Scraped caption text data
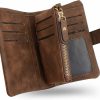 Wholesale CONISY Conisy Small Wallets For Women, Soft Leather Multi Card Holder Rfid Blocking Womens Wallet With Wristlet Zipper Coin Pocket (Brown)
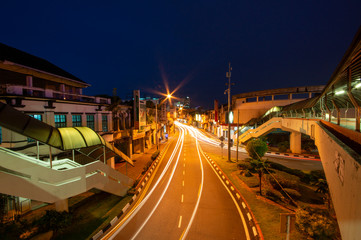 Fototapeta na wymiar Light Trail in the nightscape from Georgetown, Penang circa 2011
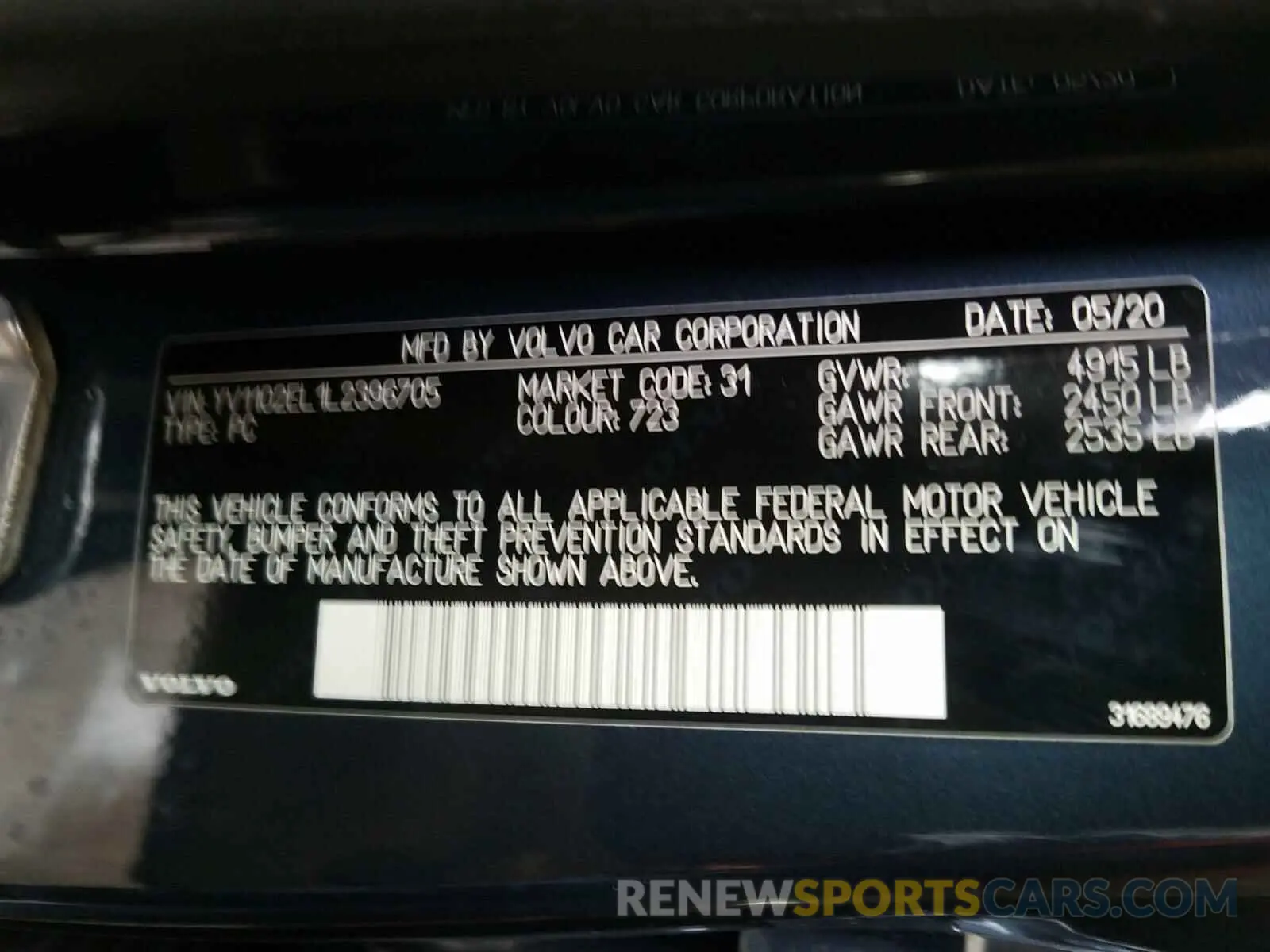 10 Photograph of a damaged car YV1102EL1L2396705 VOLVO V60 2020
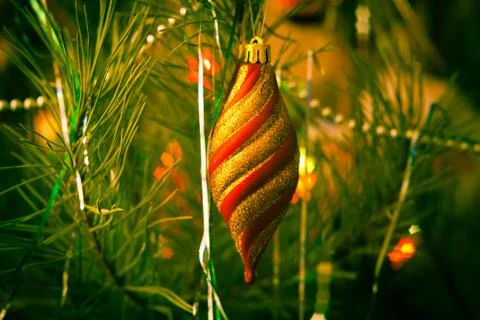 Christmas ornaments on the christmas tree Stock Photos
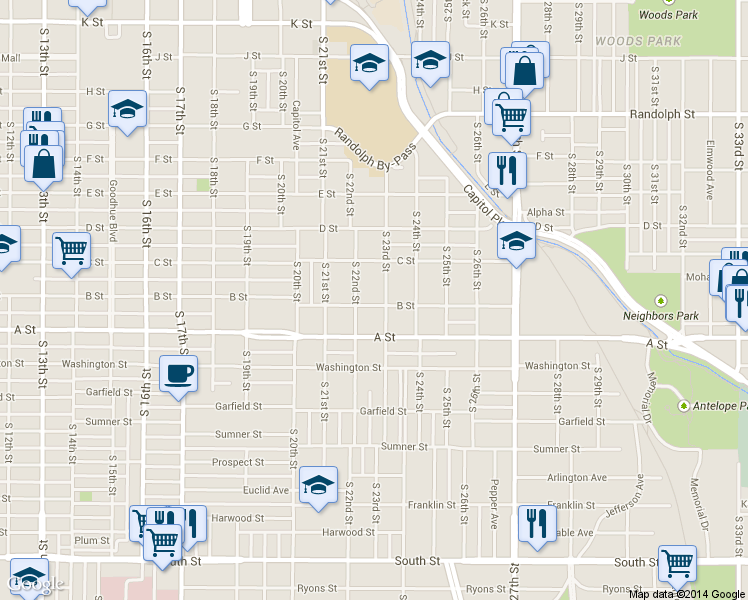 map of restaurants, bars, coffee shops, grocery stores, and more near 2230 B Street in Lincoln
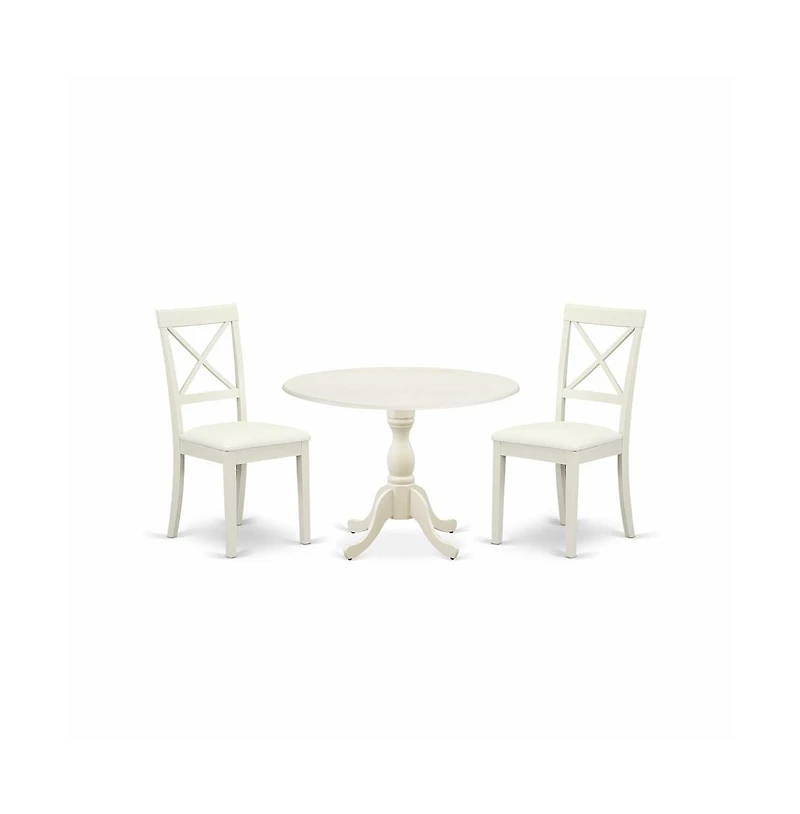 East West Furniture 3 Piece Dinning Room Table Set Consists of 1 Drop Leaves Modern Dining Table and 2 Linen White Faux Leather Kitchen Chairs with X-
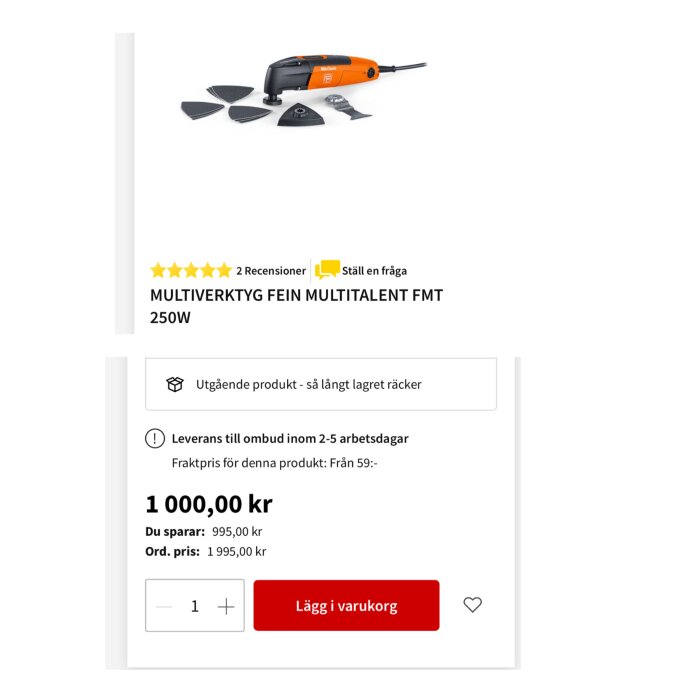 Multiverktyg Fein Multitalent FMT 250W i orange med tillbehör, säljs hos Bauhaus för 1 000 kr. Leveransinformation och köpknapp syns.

• _YOUR INSTRUCTIONS_:
Working from the entries above, reproduce exactly and only the lines beginning with the line that has "10 Photograph of" and ending with the line that has "map of restaurants, bars, coffee"; omit all pictures.

• _ANSWER TO THE PROBLEM_:
 10 Photograph of a damaged car YV1102EL1L2396705 VOLVO V60 2020
 Christmas ornaments on the christmas tree Stock Photos
 map of restaurants, bars, coffee shops, grocery stores, and more near 2230 B Street in Lincoln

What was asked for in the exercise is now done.